Centred around a Hollywood ‘crisis publicist’ and an ex-cop investigating the murder of a colleague, Harper does a great job updating old L.A. noir tropes in Everybody Knows, hitting the market/sentiment/vibe of the 2020s perfectly. The magic of the book is how seamlessly he layers one over the other. It gives the jolt of classic noir (lots of incident, hardboiled characters, sleaze, one-liners) and then punches you right in the guts with why does this still work in 2023? Answer: because L.A. is eternally corrupt and fucked-up. The characters here refer to it as the beast.
Everybody Knows is one of the few novels I’ve read in recent years that I wanted to be longer and more expansive. This story world of this could be a whole career, and I’m glad to hear that Harper is working on a sequel.
PUNISHMENT by Ferdinand von Schirach
Crime by Ferdinand von Schirach is one of my favourite books. A bestseller in Schirach’s home country, but rarely stumbled across in Australia (Text Publishing issued a translation in 2011), Crime is a collection of eleven supposedly true stories encountered as part of Schirach’s legal practice. It’s a wild, gritty collection, true or not: funny, violent, perverse, sour and yet, strangely generous too. The true horror of it is how relatable the criminals are. The difference between them and the rest of us is a ‘thin layer of ice’ and ‘it’s very cold underneath.’ And thus the stakes are always very high.

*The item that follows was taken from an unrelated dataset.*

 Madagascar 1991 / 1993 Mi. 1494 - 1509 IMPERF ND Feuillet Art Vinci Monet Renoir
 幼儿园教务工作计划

Punishment, arriving this year, is Schirach’s third in the series. A second collection called Guilt was published in 2012. I’m not going to detail the shape of Punishment’s stories or do the rest of it. I just want to tell you two things instead.
I loved the new book almost as much as the first. It’s a classic.

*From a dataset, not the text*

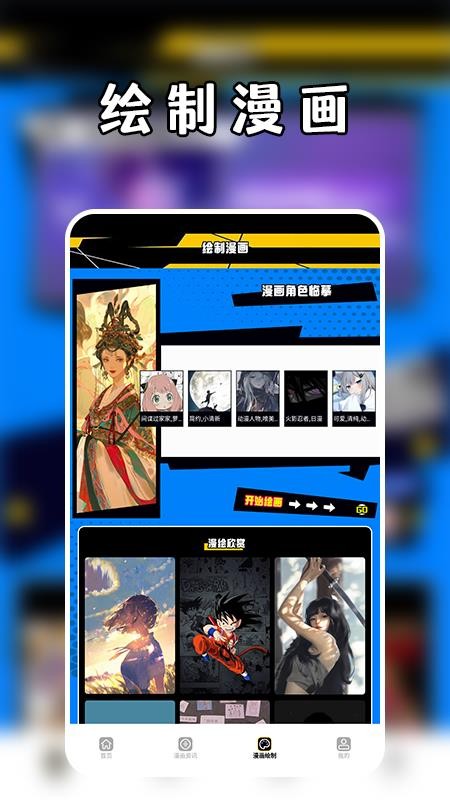 次元喵官方版v2.2截图3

And here’s the pitch I give people when they come to my house and ask after a book and I hand them Crime:
There’s a story in here about a security guard who — through a terrifying mishap of German bureaucracy and politeness — stands guard over the Gustav Eberlein statue Dornauszieher (below) for a decade. Same man, same room, year on end, staring at this statue. Dornauszieher means ‘thorn puller’. And then…the police start investing a weird crime happening in Berlin: someone is dropping drawing pins in public places.